I can remember that day like it was yesterday. I remember how reluctant I was to go into a boring art store, and how much more reluctant I was to be dragged away from that beautiful, beautiful print.
I am no art expert. Show me a painting, and the only thing I will be able to say is whether or not I like it. But for me, that is what art is all about. Beauty is, after all, in the eye of the beholder. I enjoy Monet. Picasso often freaks me out. But for me, if an artist can make me feel something, something genuine, real, something connected to what I see before me, then he or she is a success. If I look at a painting, or a drawing, and my emotions overwhelm the obnoxiously critical part of my brain, and I find I cannot critique at all, that artist has truly created.
It must be noted that I do not always necessarily like the pieces that summon such emotions. A piece that upsets or angers me is not likely to find its way to my living room wall, but it is no less appreciated for what is has done.
Edmund Blair Leighton is such an artist. Perhaps the part of me that loved him when I was 9 is the part that hasn't really changed much. You know...the part that likes Lords and Ladies and Castles and Masked Balls. The part that wants to put on a long, flowing renaissance gown and promenade dramatically through fields of harebells and thistles.
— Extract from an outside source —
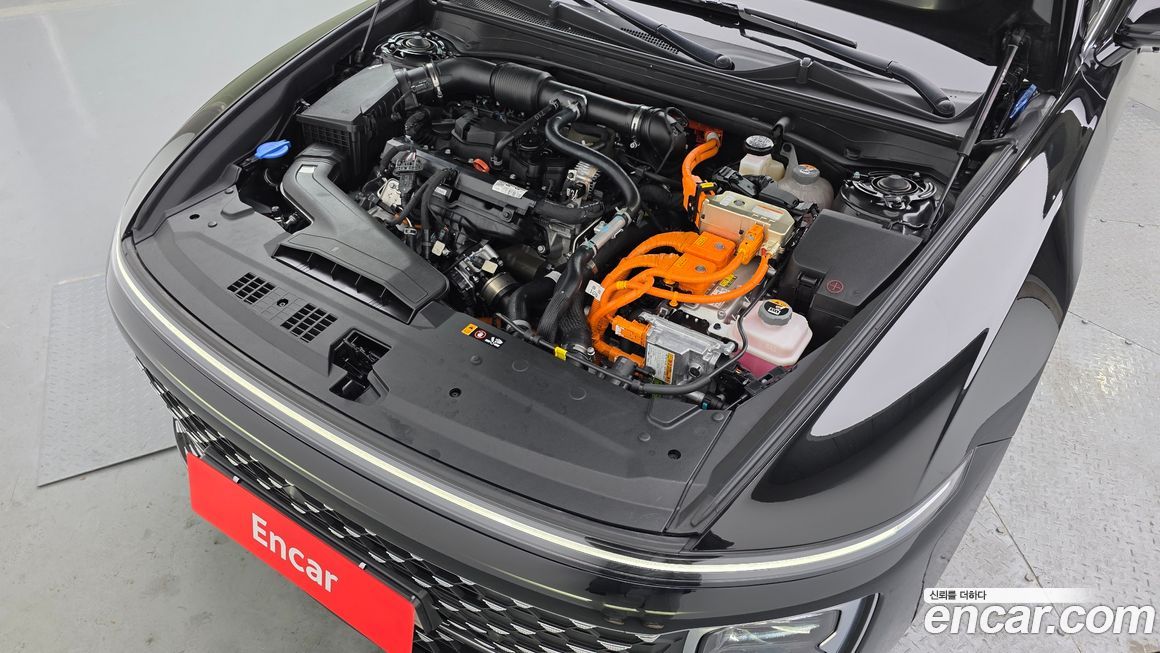 Hyundai Grandeur 2024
That is what keeps me going back to my computer to stare at his paintings again and again.
Nathan bought me a tapestry of one of my favourite Leighton paintings, The Accolade, as a wedding gift. Its gorgeous, and it hangs on the wall right next to my bed.

I look at it every night as I'm falling asleep. There have been so many times when I've wished I could pull a Mary Poppins, close my eyes, and jump right into the picture. Wouldn't that be wonderful? To be able to live all of my favorite works of art.
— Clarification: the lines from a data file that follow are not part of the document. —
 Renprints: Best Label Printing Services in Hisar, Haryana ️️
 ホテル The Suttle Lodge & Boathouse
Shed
And recently (within the last few years) they stumbled across this painting, also by Mr. Leighton. In the picture, the lady (whom you should recognize from "The Accolade") is tracing the shadow of her lover so she will have something to remember him by as he goes off to war. I adore it.

Of course, even just prints of this particular piece are several hundred dollars right now, so it will have to wait. It does make a lovely desktop background for my computer, though.
Thanks for reading my random ramblings about things that have little significance to anyone except myself.